平成28年度宅地建物取引士資格試験 問3

解説

  1. 誤り。
    AからB、AからCに、二重譲渡が行われています。この場合、先に登記を備えた方が所有権を主張できますので、CがBに対して甲土地の所有権を主張するには、所有権移転登記を備えていなければなりません(民法第177条)。
  2. 誤り。
    本肢では、「取消しより前にBが甲土地をDに売却」していますので、Dは取消前の第三者になります。詐欺による意思表示の取消は、取消前の善意の第三者に対抗することができません。(同法第96条第3項)。 よって、Dが詐欺の事実を知っていた場合には、AはDに対して甲土地の所有権を主張することができます。なお、Dが所有権移転登記を備えていても同じです。
  3. 正しい。
    Bに高値で売りつけて利益を得る目的でAから甲土地を購入したEは、背信的悪意者に該当します。この場合、BはEに対して、所有権移転登記を備えていなくても、甲土地の所有権を主張することができます。よって、反対にEはBに対して、甲土地の所有権を主張することはできません。(同法第177条)。
  4. 誤り。
    錯誤無効を主張できるのは、表意者のみです。本肢では、主張できるのはBであってAは錯誤無効を主張することはできません。また、錯誤は無効を主張するのであって、取消をするのではありません(同法第95条)。
対抗要件に関する過去問

対抗要件に関するよくある質問

強迫の場合、すべての第三者に対抗できるのに、なぜ登記がないと対抗できないかよくわかりません。

ご質問の問題では、BA間の売買契約締結の時期がポイントとなりますので、以下、場合を分けます。

  • BA間の売買が、強迫を理由とするCB間の売買契約を取り消す【前】に行われた場合、いわゆる取消前の第三者との関係の場合。

    Cは登記がなくてもAに対して所有権を主張することができます。

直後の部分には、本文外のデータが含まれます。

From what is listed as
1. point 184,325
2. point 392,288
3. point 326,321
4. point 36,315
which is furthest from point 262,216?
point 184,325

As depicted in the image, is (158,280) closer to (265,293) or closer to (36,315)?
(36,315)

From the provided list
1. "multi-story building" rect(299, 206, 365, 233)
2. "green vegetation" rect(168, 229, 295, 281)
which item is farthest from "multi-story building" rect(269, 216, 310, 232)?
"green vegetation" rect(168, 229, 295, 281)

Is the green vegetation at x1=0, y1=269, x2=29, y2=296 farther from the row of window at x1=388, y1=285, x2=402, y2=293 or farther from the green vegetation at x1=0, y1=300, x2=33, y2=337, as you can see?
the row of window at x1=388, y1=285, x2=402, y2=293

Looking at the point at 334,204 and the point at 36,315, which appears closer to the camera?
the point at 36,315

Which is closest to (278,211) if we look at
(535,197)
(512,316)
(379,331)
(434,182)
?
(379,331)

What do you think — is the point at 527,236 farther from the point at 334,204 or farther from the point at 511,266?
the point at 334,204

これは、売買がC→B→Aと流れているので、CはAに対しても主張できると考えられるからです。

  • BA間の売買が、強迫を理由とするCB間の売買契約を取り消した【後】に行われた場合、いわゆる取消後の第三者との関係の場合。

    この場合、まずBA間の売買の前に、CB間で売買契約が取り消されています。そして、売買契約を取り消した後に、Cは法律関係を安定させるために登記をBから取り戻すべきであったにも関わらず放置しているのであれば、Cは不利益を受けても仕方ないと言えます。

    以上、簡単に言ってしまえば、強迫で取り消したのであれば、ちゃんと登記も戻しておくべきだった。そしてBに登記があることからAも売買を行ったのだから、Cは取り消し後に登記を放置していたリスクは負わなければならない。この場合、AとCはBを中心としてお互いに土地は自分のものだと主張する対抗関係にあるのだから、177条に従って、登記を有する方が所有権を取得する、としています。

対抗要件は「不動産は登記、動産は引き渡し」となっていますが、過去問Q15-3 /2の解説で「建物の賃貸借は登記がなくても、建物の引き渡しがあったときに効力を生じます」とあります。建物の賃貸借は例外なのですか?

ご理解の通りです。建物の「賃借権」を第三者に対抗するときには、引渡しがあればよいとされています。

使用貸借について、「第三者への抵抗力は認められていません。引渡を受けていても対抗出来ない」とありますが、では、使用貸借の場合の対抗要件は何になるのでしょうか。

使用貸借契約については、使用借権が対抗要件をもつ方法が存在しません。つまり、借主は目的物の新所有者に対抗することはできません。